Quand le prophète aurait voulu donner un irrécusable témoin à mes paroles sur l’indélébile poésie de son peuple, il n’aurait point pu m’envoyer hôte plus opportun que le Chambi. Celui qui allait servir de preuve vivante à mes argumens n’était pas, en effet, un de ces tolbas qui, puisent, dans la docte retraite des Zaouyas, des inspirations inconnues du vulgaire aux sources mystérieuses des livres sacrés ; ce n’était pas non plus un de ces guerriers suivis de cavaliers, précédés de drapeaux, entourés de musiciens, qui peuvent tirer d’une existence d’éclat et de bruit tout un ordre exceptionnel d’émotions. Non, c’était un homme de la plus basse condition, ce que serait ici un colporteur de nos campagnes. Eh bien ! dis-je à mon interlocuteur, je parierais que si j’interrogeais au hasard cet obscur habitant du désert, je tirerais à l’instant de sa cervelle des chants qu’envieraient peut-être les meilleurs de nos poètes. Le défi fut accepté. L’interrogatoire commença. On va juger ce qui en sortit.

Ce fut d’abord un chant religieux. Il faut répéter chez les Arabes ce que disaient les poètes antiques : « Commençons par les dieux. » Là, cette source et cette fin de notre vie, c’est-à-dire la région divine, n’est jamais oubliée. Ce Dieu dont il semble que la vie du grand air rende le contact plus fréquent, la présence plus sensible et le pouvoir plus immédiat, est toujours invoqué par les chantres nomades. Le Chambi n’interrogea pas long-temps ses souvenirs.
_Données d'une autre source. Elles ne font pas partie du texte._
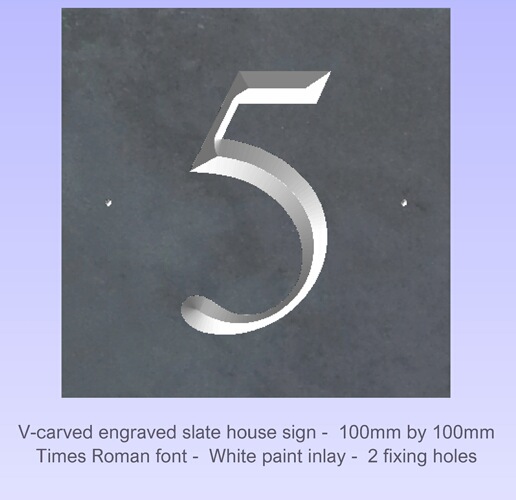 Click to See Next House Sign Image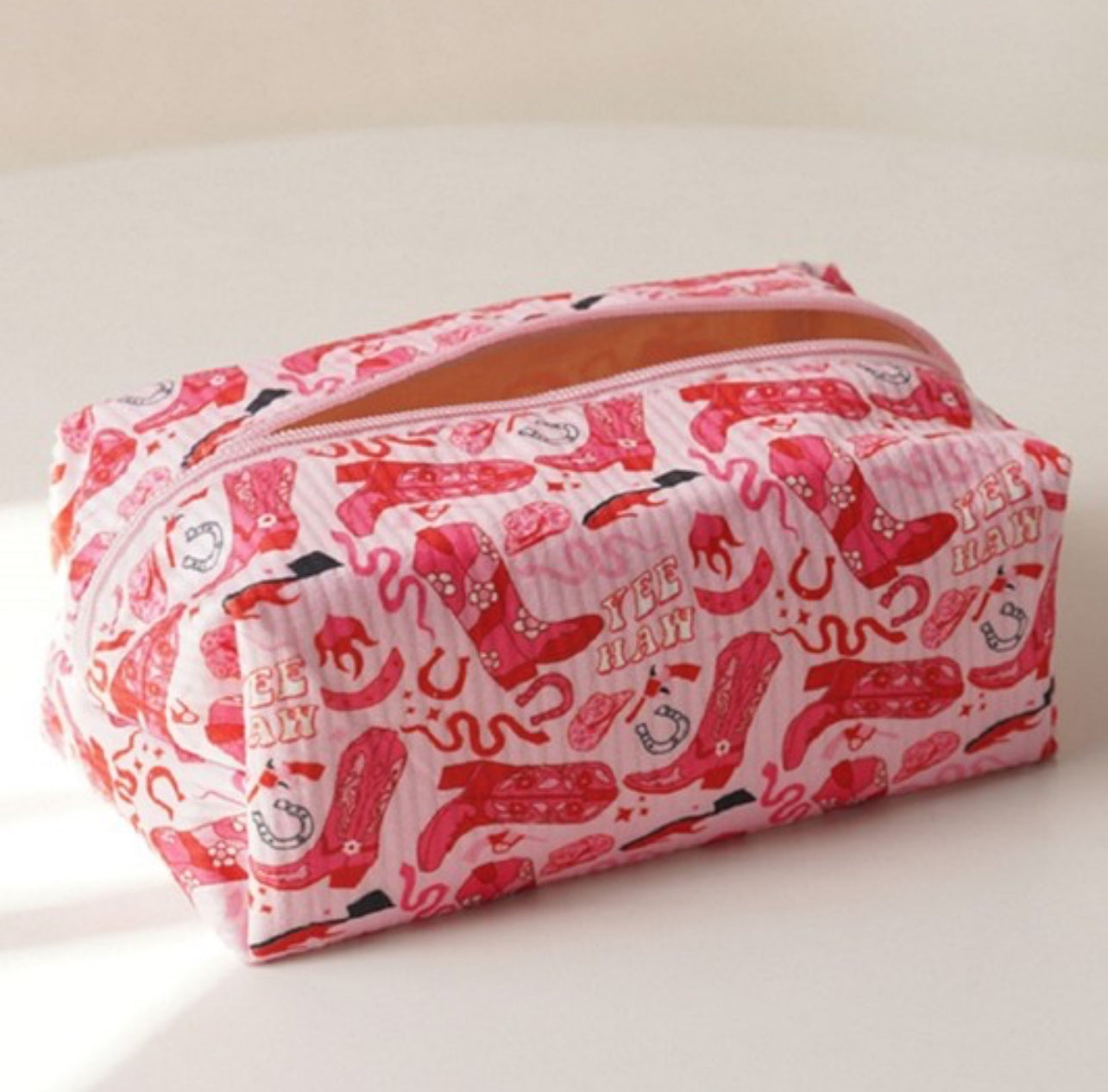 Howdy Cosmetic Makeup Bag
Après avoir fredonné, pour se mettre en haleine, un de ces airs monotones comme l’horizon du désert, dont les Arabes charment leur voyage sur le dos des chameaux, voici ce qu’il nous récita :

Invoquez celui que Dieu a comblé de ses graces,
     Ô vous tous qui nous écoutez !
Croyez en ses dix compagnons,
Les premiers qui aient composé son cortége.
Si vous n’avez point foi dans leur parole,
Interrogez les montagnes ;
Elles vous révèleront la vérité.
Savez-vous qui vous parlera aussi de Dieu ?
C’est le chelil[1] du cheval Bourack.
Ce chelil qui est semé de boutons d’or
Et auquel pendent des franges resplendissantes,
Ce chelil aime les hommes qui jeûnent

  1. Couverture de soie que l’on étend sur la croupe des chevaux aux jours de fête.